◆ What you should do ◆
All lines that hold the string "Gaming" should be copied. Find them in the listing below.

▽

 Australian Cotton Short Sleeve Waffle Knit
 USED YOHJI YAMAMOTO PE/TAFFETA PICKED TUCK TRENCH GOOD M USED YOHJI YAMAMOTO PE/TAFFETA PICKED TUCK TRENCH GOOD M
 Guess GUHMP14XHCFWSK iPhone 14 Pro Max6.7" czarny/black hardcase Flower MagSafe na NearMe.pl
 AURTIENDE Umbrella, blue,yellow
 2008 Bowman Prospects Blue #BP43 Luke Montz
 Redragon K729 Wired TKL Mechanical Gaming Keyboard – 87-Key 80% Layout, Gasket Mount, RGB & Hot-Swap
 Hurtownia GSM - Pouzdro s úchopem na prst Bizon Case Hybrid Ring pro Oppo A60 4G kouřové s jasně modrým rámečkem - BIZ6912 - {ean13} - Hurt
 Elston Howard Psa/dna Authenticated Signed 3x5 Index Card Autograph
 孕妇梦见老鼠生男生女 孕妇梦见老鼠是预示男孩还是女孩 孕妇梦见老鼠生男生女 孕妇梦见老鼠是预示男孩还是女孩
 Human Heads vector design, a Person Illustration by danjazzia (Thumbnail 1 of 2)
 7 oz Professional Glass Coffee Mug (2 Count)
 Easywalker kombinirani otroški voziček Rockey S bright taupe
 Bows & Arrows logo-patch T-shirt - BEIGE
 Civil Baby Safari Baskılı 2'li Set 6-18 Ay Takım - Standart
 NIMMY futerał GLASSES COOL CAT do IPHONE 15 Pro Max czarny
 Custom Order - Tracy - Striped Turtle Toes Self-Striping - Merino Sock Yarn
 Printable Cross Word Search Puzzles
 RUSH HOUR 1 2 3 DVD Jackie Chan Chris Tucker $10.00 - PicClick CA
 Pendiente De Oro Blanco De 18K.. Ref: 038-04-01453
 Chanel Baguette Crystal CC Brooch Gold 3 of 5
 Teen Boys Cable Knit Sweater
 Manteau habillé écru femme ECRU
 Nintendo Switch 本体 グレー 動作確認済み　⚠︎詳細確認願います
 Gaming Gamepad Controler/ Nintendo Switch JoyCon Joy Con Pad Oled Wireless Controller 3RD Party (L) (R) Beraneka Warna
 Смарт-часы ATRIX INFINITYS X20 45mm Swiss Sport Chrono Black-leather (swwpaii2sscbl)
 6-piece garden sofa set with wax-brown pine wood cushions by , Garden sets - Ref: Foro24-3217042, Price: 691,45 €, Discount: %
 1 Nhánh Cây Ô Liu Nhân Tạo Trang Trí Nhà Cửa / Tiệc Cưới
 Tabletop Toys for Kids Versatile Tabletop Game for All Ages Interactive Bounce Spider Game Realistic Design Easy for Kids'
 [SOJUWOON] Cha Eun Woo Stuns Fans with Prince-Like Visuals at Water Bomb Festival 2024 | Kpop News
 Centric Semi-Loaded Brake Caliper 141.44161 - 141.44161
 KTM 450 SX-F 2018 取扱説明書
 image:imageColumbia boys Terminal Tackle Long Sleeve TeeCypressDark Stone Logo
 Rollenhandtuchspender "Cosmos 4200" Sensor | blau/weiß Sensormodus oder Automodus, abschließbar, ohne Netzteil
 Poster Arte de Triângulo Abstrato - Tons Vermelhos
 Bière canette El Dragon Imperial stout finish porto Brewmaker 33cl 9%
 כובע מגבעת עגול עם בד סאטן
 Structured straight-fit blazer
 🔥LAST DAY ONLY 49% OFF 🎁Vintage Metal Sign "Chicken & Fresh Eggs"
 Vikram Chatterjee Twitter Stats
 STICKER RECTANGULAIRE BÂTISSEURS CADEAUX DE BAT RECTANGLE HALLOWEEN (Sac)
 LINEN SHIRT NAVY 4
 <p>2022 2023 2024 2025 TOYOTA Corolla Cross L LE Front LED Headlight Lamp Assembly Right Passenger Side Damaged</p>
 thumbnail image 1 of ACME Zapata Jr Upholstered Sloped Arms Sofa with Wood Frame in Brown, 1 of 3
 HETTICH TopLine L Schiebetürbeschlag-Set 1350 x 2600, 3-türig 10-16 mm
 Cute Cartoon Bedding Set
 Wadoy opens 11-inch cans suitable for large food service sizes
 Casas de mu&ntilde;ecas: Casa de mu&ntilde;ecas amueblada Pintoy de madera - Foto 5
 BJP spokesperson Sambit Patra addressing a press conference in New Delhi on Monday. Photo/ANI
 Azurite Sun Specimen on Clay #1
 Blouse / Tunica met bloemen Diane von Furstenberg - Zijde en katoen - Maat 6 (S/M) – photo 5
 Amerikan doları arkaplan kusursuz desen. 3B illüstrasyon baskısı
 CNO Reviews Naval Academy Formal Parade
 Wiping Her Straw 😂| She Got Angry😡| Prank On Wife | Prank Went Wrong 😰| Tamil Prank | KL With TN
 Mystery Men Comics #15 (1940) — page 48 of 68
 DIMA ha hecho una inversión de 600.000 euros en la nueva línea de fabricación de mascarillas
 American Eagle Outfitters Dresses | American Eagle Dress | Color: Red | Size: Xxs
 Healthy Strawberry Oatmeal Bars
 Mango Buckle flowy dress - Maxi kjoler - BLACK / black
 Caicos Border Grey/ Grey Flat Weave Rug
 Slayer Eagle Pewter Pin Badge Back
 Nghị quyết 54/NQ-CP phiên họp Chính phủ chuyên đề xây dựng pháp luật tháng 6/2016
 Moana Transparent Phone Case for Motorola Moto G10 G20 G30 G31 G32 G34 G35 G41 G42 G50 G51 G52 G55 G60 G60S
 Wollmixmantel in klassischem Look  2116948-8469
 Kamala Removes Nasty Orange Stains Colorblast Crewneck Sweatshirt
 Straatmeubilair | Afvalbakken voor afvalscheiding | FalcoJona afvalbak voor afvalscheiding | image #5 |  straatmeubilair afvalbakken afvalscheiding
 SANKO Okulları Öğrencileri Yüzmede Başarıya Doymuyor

△

◆ Task solution ◆
 Redragon K729 Wired TKL Mechanical Gaming Keyboard – 87-Key 80% Layout, Gasket Mount, RGB & Hot-Swap
 Gaming Gamepad Controler/ Nintendo Switch JoyCon Joy Con Pad Oled Wireless Controller 3RD Party (L) (R) Beraneka Warna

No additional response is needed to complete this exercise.